(Available data Opens)
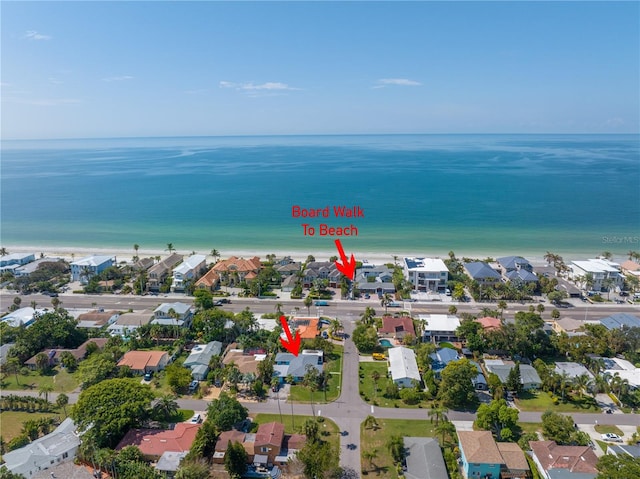 aerial view with a residential view and a water view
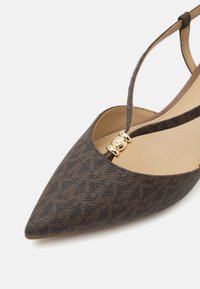 Chaussure plate marron à bout pointu avec motif, bride en T et détail de boucle circulaire dorée sur semelle intérieure beige sur fond blanc.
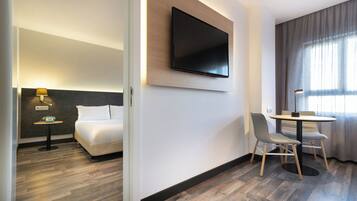 Habitación de hotel con cama, televisión montada en la pared, una mesita de noche con lámpara y un rincón comedor con sillas y mesa.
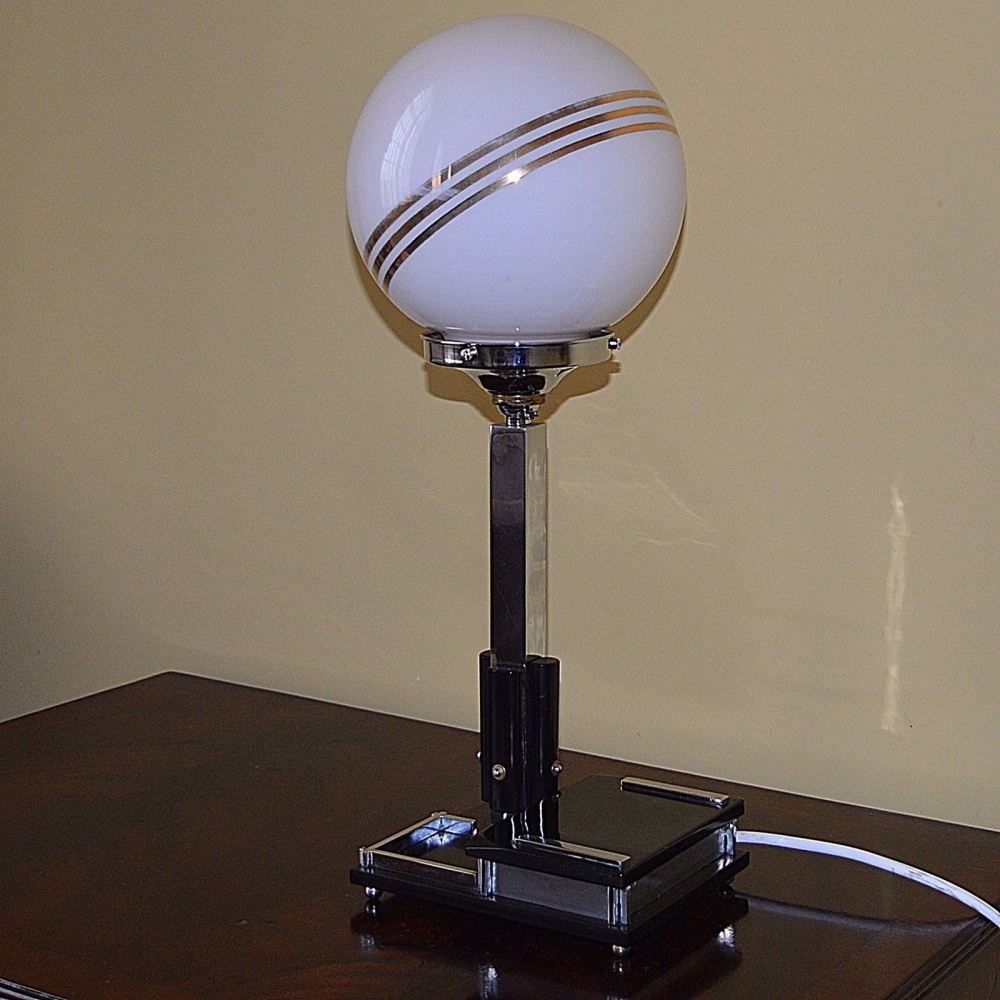 Fine Art Deco table lamp with original shade.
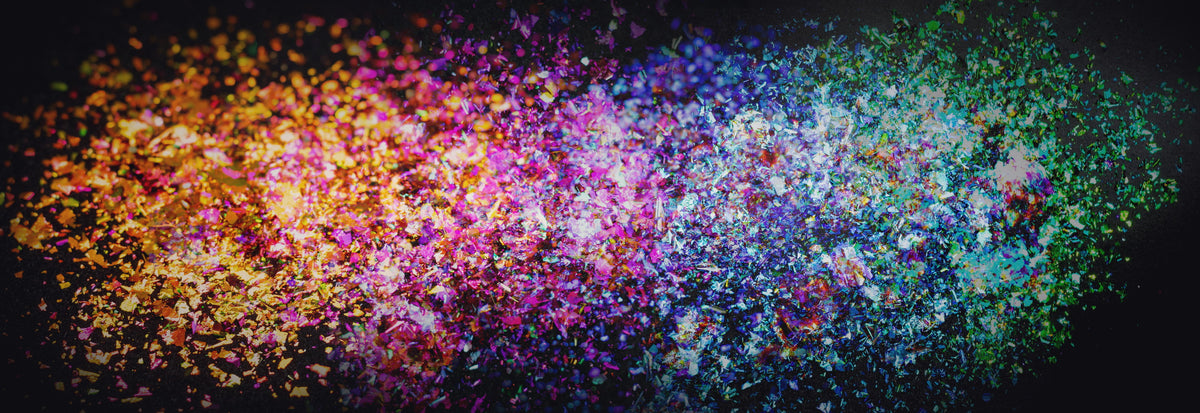 Loose cosmetic pigment scattered on black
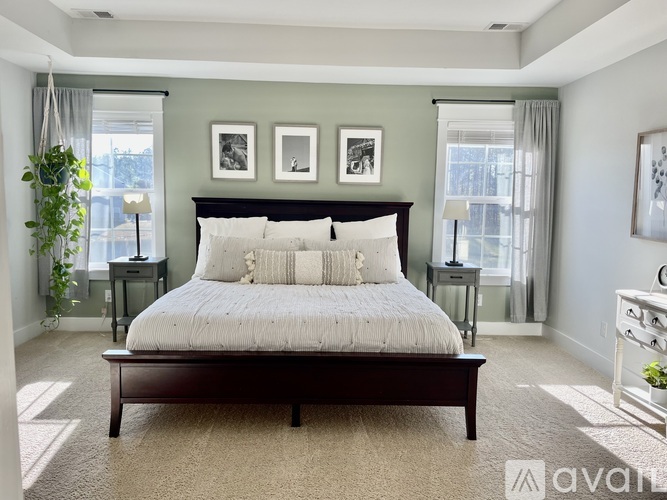A bedroom with a large bed and two nightstands.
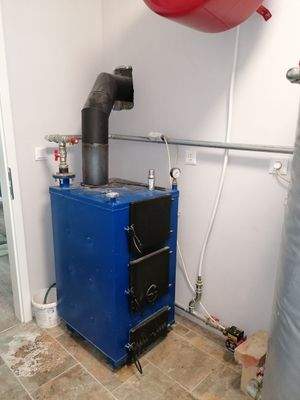  Kesselraum / Holzkessel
(Available data Closes)
> [What to work on]
Nothing but the lines from the line containing "A bedroom with" through the last line of the records above should be written out, exactly and without the pictures.

> [Task answer]
A bedroom with a large bed and two nightstands.
  Kesselraum / Holzkessel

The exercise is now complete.